Every boob-bearer in the universe will likely have something they don’t think is quite “perfect” about their breasts.
Participating members of the itty-bitty-titty-committee yearn after the cleavage and stereotypical ‘sex appeal’ of big boobs, while those with anything over a D-cup would happily trade in their back pain and inability-to-run-without-getting-a-black-eye for being able to wear a cute bralette all day. No matter what our boobs look like to other people, we always seem to want the grass that’s greener on the other size (geddit?).
We see a good range of breast sizes in the media and online. However, there’s one specific body type that is missing from the discussion on boob-related positivity: there are no on-screen women with uneven boobs – or, at least, it’s very rarely talked about.

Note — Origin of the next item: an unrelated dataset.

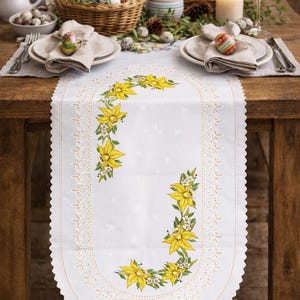 Polish Traditional Easter Table Runner 37"x18" (Flowers)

Everyone’s boobs are slightly different sizes, with differences ranging from basically unnoticeable to anyone but the attached woman to drastically different. I am one of the latter. Think D-cup on the left and A-cup on the right levels of asymmetry. When I’m not wearing a bra, my nipples look like a % sign, and when I am, there’s a distinct chasm in the right cup where my boob very much doesn’t fill the cup. When I was a teenager, I was very insecure about my body. All of my friends (and everyone on Instagram) had these perfectly even boobs, which in my head, made them 1189278 times more likely to get a boyfriend than me. I did every trick under the sun to get my right boob to catch up with my left one – turns out, massaging it with olive oil doesn’t work in the slightest. The Internet lied!
I’m certainly not the only one who has spiralled into a cycle of self-hatred caused by seeing other people’s bodies online and comparing them to my own. In 2016, The Children’s Society reported that in 2009/10, 30% of 10 to 15-year-old girls were unhappy with their appearance, but by 2013/14 this had risen to 34%.
It’s only recently that I’ve come to accept my body and realise that I have the best of both boobs, but I feel like this process could have been accelerated had I been exposed to something other than perfectly even breasts in all the media I saw as a young teenager. I might have felt a little less like a faulty woman, and a little more accepting of the body that I was in. I needed a wonky-titted role model who would let me know that it’s okay to be skew, just by means of me seeing her embrace her big chef and little chef (ugh, sorry). You’d be surprised how many other women are in the wonky boat along with me (around 25%!), considering that the only two celebrities I could find that have ‘admitted’ to having them being Jennifer Lawrence and Kiera Knightly, the latter of which being the only one who’s attempted to normalise it – she did an amazing untouched topless shoot where she bears all her asymmetrical beauty.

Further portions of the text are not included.